Verification Relationships: Define the purpose for which verification methods may be used:

• authentication - Proving control of the DID
• assertionMethod - Issuing verifiable credentials
• keyAgreement - Establishing secure communication
• capabilityInvocation - Invoking capabilities
• capabilityDelegation - Delegating capabilities

Service Endpoints: Means of communicating with the DID subject, including discovery services, agent services, messaging services, and credential repositories.

Protocol Mechanics

DID Creation Process

DID creation follows a method-specific process:

1. Key Generation: Generate cryptographic key pair(s)
2. Identifier Derivation: Derive DID according to method rules
3. Document Creation: Construct initial DID document
4. Registration: Record DID according to method (ledger transaction, file creation, etc.)
5. Verification: Confirm successful creation

For KERI-based methods like did:keri, creation involves:

• Generating inception event with initial keys
• Computing self-addressing identifier from inception event
• Establishing witness pool for key event receipting
• Publishing key event log

DID Resolution Process

Resolution transforms a DID into a DID document:

1. Parse DID: Extract method name and method-specific identifier
2. Select Resolver: Identify appropriate resolver for the method
3. Execute Resolution: Invoke method-specific Read operation
4. Construct Response: Package DID document with resolution metadata
5. Return Result: Provide conforming representation

Resolution Metadata includes:

• contentType - Media type of the representation
• created - Timestamp of DID creation
• updated - Timestamp of last update
• Method-specific metadata

Document Metadata includes:

• created - When the DID document was created
• updated - When the DID document was last updated
• deactivated - Whether the DID has been deactivated
• versionId - Version identifier for the document

DID Update Process

Updating a DID document follows method-specific procedures:

1. Authenticate Controller: Prove control authority
2. Construct Update: Create updated DID document
3. Submit Update: Execute method-specific Update operation
4. Verify Update: Confirm successful modification

For KERI-based methods, updates occur through:

• Key rotation events in the key event log
• Interaction events for non-key-state changes
• Cryptographic verification through event signatures

DID Deactivation Process

Deactivation marks a DID as no longer active:

1. Authenticate Controller: Prove control authority
2. Submit Deactivation: Execute method-specific Deactivate operation
3. Update State: Mark DID as deactivated
4. Propagate Change: Ensure resolvers recognize deactivation

Deactivated DIDs cannot be reactivated, ensuring finality of the deactivation decision.

State Transitions

DID lifecycle state transitions:

[Non-existent] --create--> [Active] --update--> [Active]
                              |
                              +--deactivate--> [Deactivated]

Once deactivated, a DID cannot transition back to active state, providing immutable deactivation semantics.

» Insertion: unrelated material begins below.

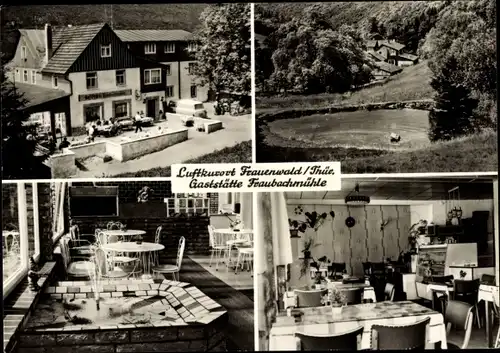 Ak Frauenwald am Rennsteig Ilmenau Thüringen, Gaststätte Fraubachmühle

Timing and Ordering Requirements

The W3C specification does not mandate specific timing requirements, leaving these to individual DID methods. However, general principles include:

• Eventual Consistency: Resolution should eventually reflect the current state
• Monotonic Updates: Updates should be ordered and non-conflicting
• Deactivation Finality: Deactivation is irreversible

KERI-based methods provide strong ordering guarantees through key event logs with cryptographic chaining.

Security Properties

Threat Model

The DID specification addresses several threat categories:

1. Impersonation Attacks

Threat: Attacker creates a DID claiming to represent a legitimate entity.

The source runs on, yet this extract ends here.